And that makes it different than what was done before.

That does not mean the design is finished.

The reason for working on 6G, is the unsustainable nature of what we've created (like that hasn't happened before).

Paul

Reply to
Paul

These standards take about 10 years to initial deployment (2G deployed ~1990, 3G ~2000, 4G ~2010, 5G ~2020) so it's not surprising that work is starting on 6G. We're still at the point of deciding what we want it to do, so there is not a consensus yet on how it might work, let alone standardisation. But if expected deployment is ~2030, that will happen over the coming years.

Not so much unsustainable, but developed over the past decade. Meanwhile, customer expectations move on.
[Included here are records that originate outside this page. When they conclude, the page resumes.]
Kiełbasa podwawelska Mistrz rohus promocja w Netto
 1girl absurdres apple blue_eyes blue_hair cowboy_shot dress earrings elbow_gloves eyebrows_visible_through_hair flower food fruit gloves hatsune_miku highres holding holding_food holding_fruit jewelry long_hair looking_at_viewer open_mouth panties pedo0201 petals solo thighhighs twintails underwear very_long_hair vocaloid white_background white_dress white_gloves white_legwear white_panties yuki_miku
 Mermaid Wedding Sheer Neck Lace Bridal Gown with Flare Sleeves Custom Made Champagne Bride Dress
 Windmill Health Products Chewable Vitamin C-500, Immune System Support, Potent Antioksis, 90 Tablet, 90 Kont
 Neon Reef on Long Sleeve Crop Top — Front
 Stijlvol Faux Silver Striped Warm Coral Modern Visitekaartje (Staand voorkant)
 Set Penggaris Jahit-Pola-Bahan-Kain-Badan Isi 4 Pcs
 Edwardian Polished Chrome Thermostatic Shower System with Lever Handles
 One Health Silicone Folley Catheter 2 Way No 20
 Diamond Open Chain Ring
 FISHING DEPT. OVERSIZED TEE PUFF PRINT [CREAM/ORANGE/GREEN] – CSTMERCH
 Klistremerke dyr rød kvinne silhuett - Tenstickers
To some degree they have to predict ahead of time what they will be at the time of deployment.

Theo

Reply to
Theo

its a referrer tracking website.

essentially website A has a button containing a "link" Offering to take you to webiste B.

Really what happens is that when you press that button, you get referred to Awin1 who then tracks your every move as it then redirects you to website B so it logs everything you do on Website V, plus it also allows Webiste A to bill website B for the referral.

The logs recording where you go on website B is then data that can be sold on.....

Stephen

Reply to
SH

if you go to that 5g coverage checker website and enter your postcode, you then get 4 buttons for EE, O2, Vodafone and 3.

AT this point they already have your postcode.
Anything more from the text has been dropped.